Problem description:
Where an entry below contains an image, skip the image and copy the rest exactly.

Input records:
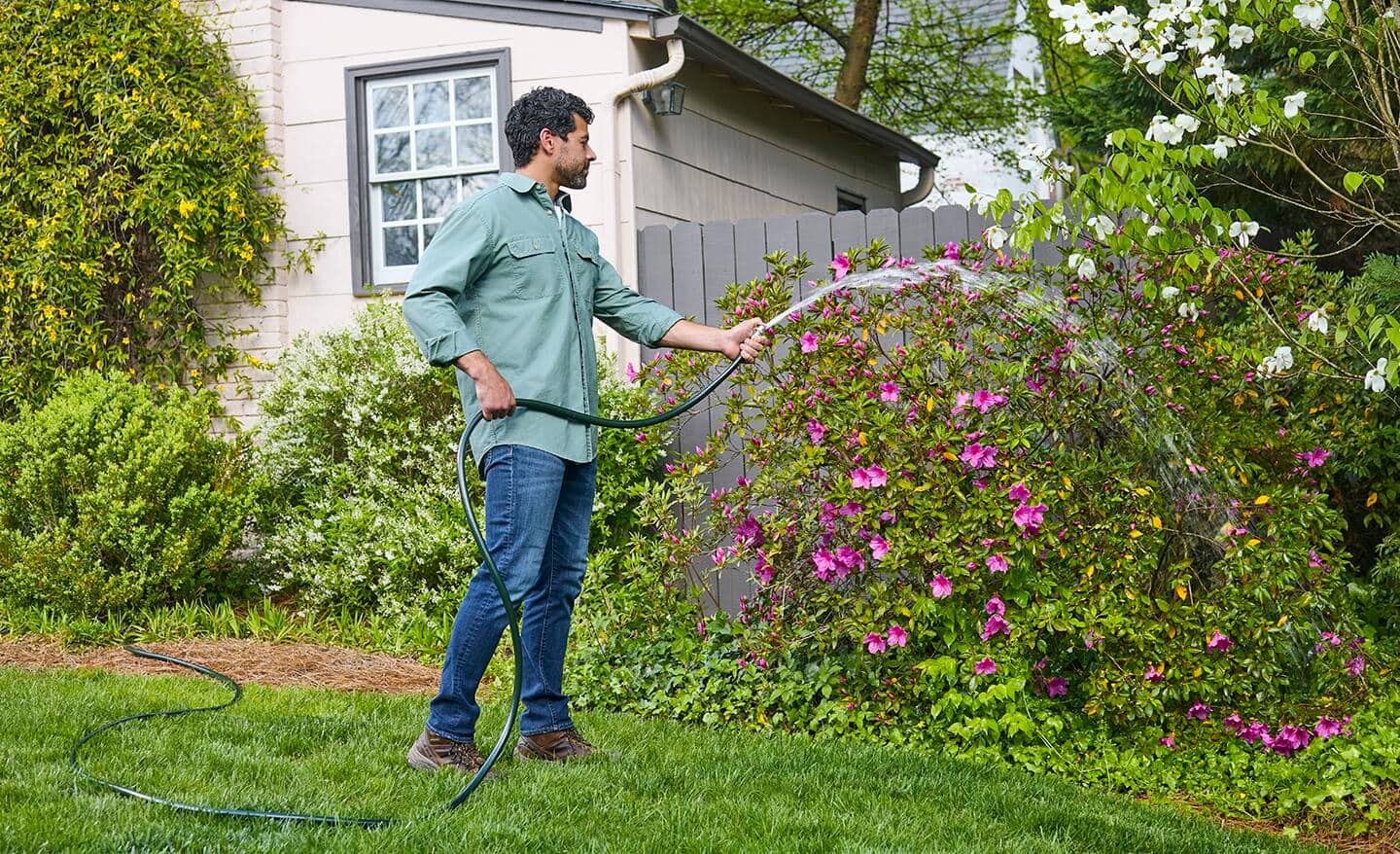Man holding a hose and watering shrubs and lawn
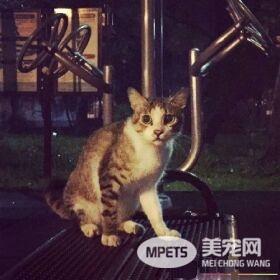 用爱卸下防心！浪猫历经10个多月才给摸抱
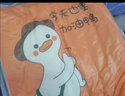 百歌妮单人双人床上用品被子被芯+四件套+枕芯被褥全套装褥子学生宿舍 欢乐小狗 单人宿舍被芯1.5*2m 5斤 七件套 实拍图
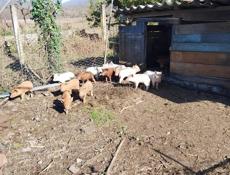 Продаются поросята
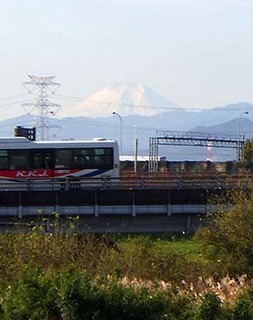dote_k1711172.jpg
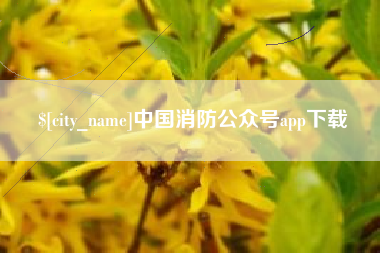 娄底中国消防公众号app下载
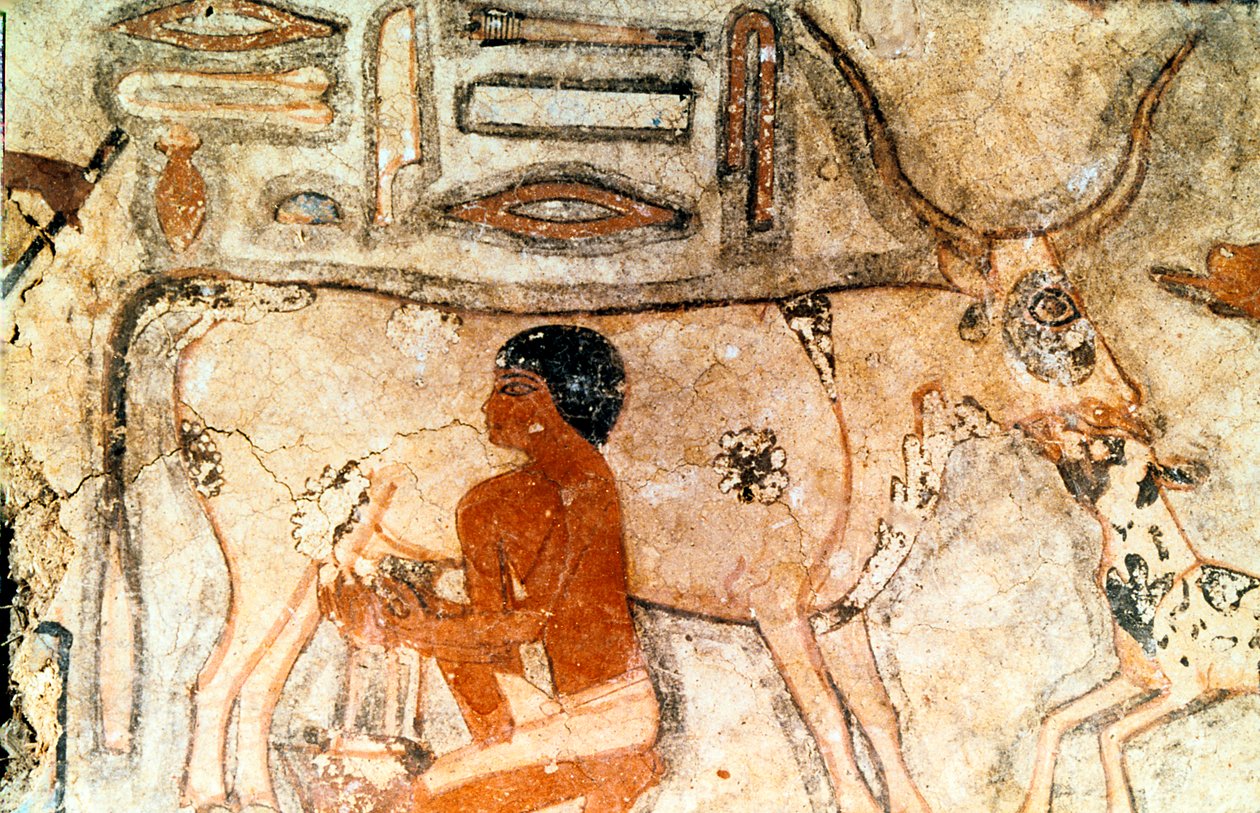 Methethi, Saqqara, Eski Mısır, Eski Krallık, MÖ c2371-2350 mezarından duvar resmi by Unbekannt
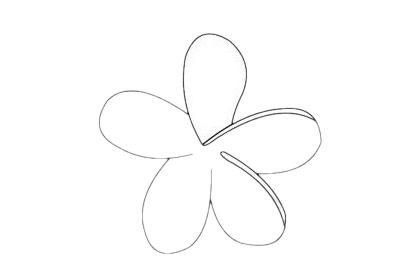 简单的鸡蛋花怎么画(简单的鸡蛋花怎么画好看)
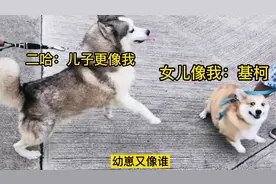 哈士奇和柯基谈恋爱后，会生出怎样的幼崽？强大的基因决定一切视频封面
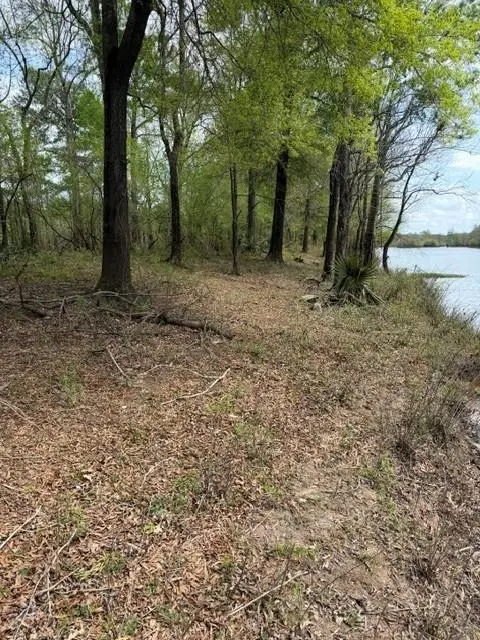 0 Rigolette Road, Pineville, LA 71360 - #3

Written solution:
Man holding a hose and watering shrubs and lawn
 用爱卸下防心！浪猫历经10个多月才给摸抱
 百歌妮单人双人床上用品被子被芯+四件套+枕芯被褥全套装褥子学生宿舍 欢乐小狗 单人宿舍被芯1.5*2m 5斤 七件套 实拍图
 Продаются поросята
dote_k1711172.jpg
 娄底中国消防公众号app下载
 Methethi, Saqqara, Eski Mısır, Eski Krallık, MÖ c2371-2350 mezarından duvar resmi by Unbekannt
 简单的鸡蛋花怎么画(简单的鸡蛋花怎么画好看)
 哈士奇和柯基谈恋爱后，会生出怎样的幼崽？强大的基因决定一切视频封面
 0 Rigolette Road, Pineville, LA 71360 - #3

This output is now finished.